** SUPPLIED MATERIAL follows **
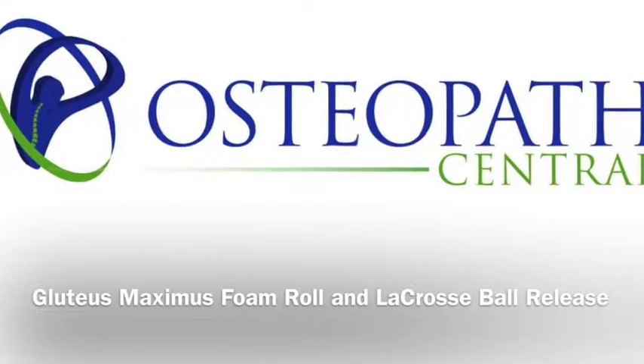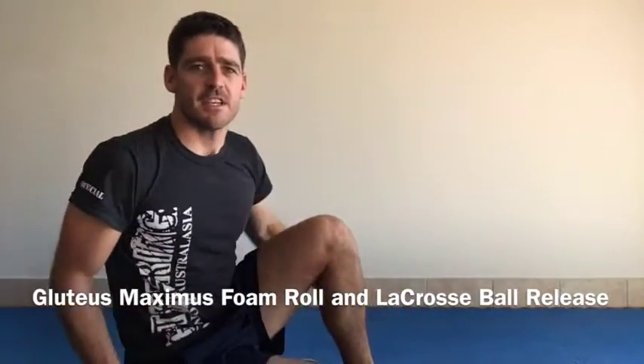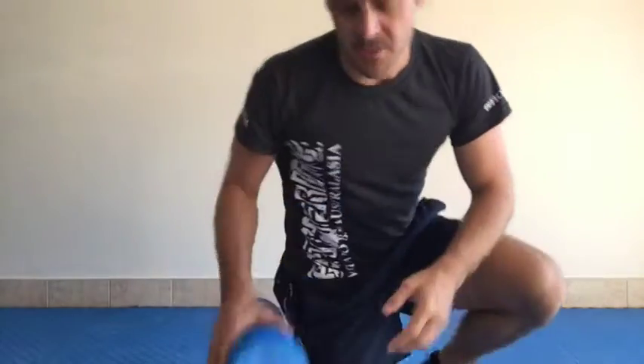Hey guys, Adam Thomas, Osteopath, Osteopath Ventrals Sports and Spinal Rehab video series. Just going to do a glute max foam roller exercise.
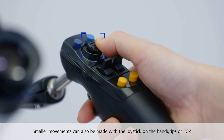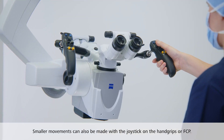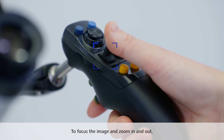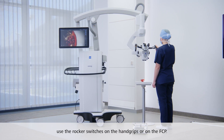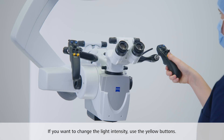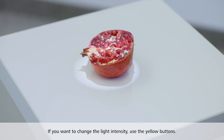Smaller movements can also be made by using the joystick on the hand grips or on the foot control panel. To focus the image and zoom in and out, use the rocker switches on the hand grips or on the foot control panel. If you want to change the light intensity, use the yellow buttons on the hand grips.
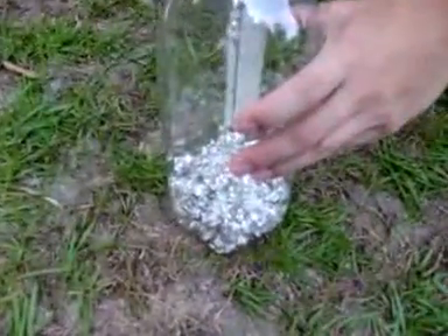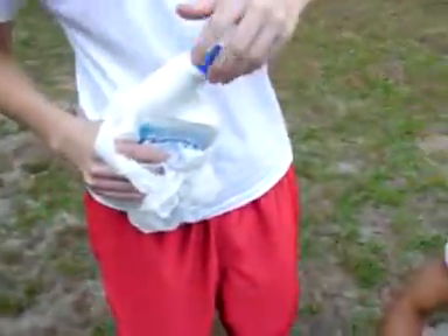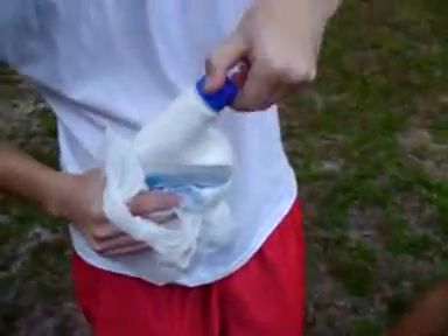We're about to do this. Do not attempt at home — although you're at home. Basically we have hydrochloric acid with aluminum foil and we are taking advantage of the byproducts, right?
** End of SUPPLIED MATERIAL **
* _AIM OF THE TASK_
Would you retype all the material above exactly, apart from its pictures?

* _ANSWER TO THIS TASK_
Hey guys, Adam Thomas, Osteopath, Osteopath Ventrals Sports and Spinal Rehab video series. Just going to do a glute max foam roller exercise.
Smaller movements can also be made by using the joystick on the hand grips or on the foot control panel. To focus the image and zoom in and out, use the rocker switches on the hand grips or on the foot control panel. If you want to change the light intensity, use the yellow buttons on the hand grips.
We're about to do this. Do not attempt at home — although you're at home. Basically we have hydrochloric acid with aluminum foil and we are taking advantage of the byproducts, right?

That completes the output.